§ EXERCISE: Look through the material below and copy exactly the lines from the line with "Jual Tanah Kavling" to the line with "7h09 carnet d’ailleurs", those two lines included.

§ PROVIDED RECORDS:
• • • •

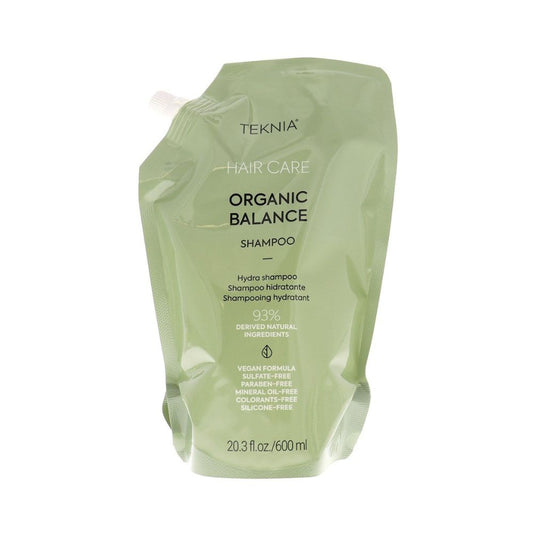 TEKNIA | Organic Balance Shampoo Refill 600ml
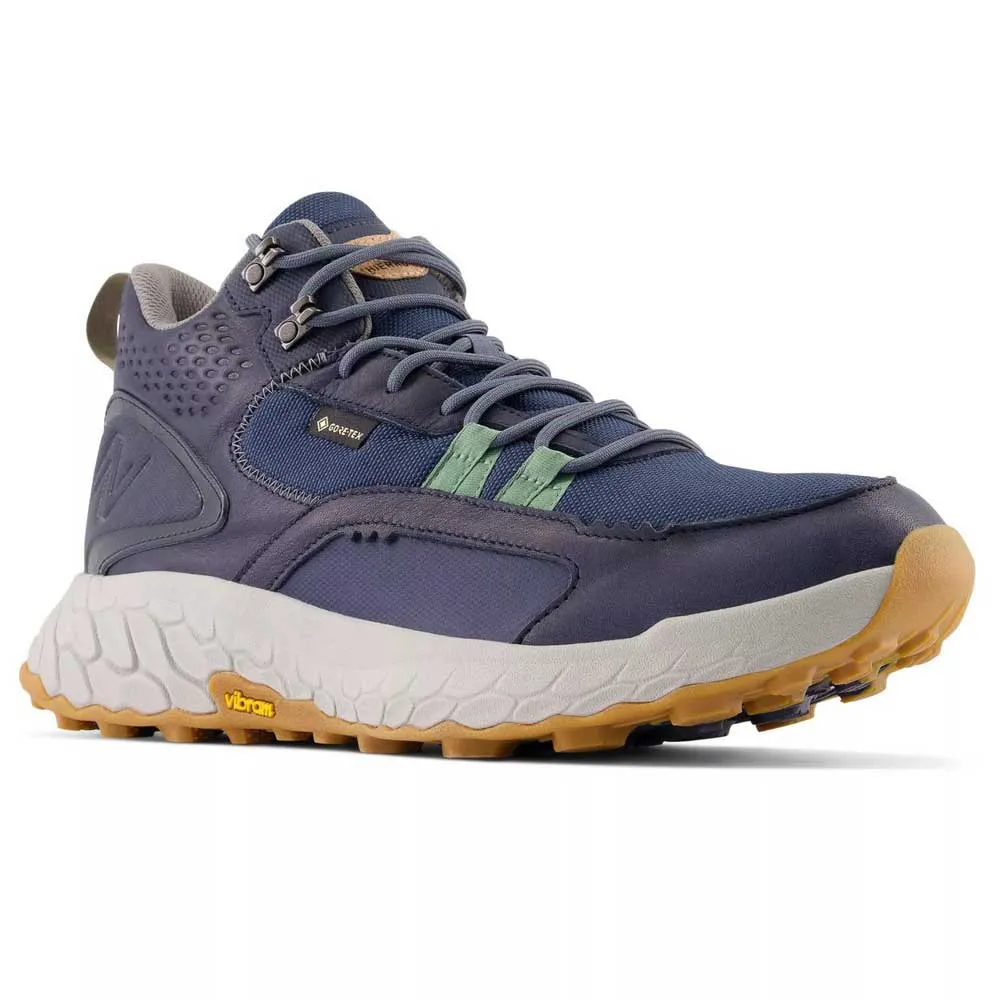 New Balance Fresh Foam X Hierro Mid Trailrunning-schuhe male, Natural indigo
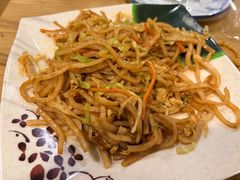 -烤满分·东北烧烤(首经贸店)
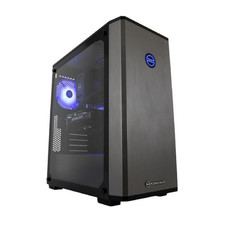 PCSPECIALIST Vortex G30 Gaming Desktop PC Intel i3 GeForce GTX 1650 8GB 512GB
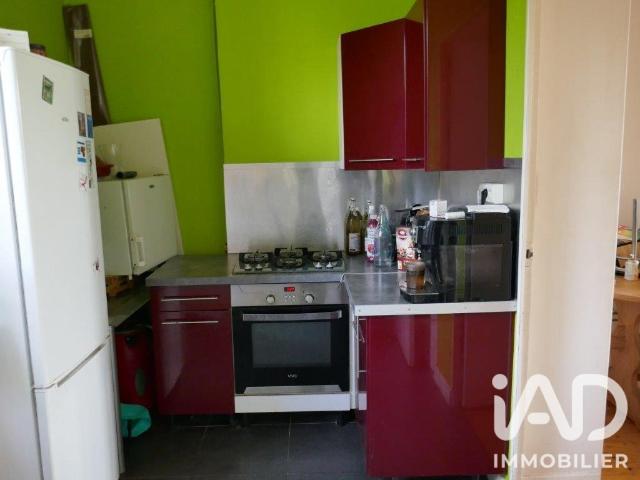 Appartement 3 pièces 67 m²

• • • •

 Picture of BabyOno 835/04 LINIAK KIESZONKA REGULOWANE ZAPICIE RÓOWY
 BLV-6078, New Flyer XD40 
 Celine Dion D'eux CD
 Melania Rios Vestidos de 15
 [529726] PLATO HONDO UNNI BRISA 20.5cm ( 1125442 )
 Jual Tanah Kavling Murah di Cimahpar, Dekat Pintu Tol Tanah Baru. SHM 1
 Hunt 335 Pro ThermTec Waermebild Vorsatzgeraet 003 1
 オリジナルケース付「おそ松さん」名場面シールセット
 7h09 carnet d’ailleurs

• • • •

§ ANSWER SECTION:
 Jual Tanah Kavling Murah di Cimahpar, Dekat Pintu Tol Tanah Baru. SHM 1
 Hunt 335 Pro ThermTec Waermebild Vorsatzgeraet 003 1
 オリジナルケース付「おそ松さん」名場面シールセット
 7h09 carnet d’ailleurs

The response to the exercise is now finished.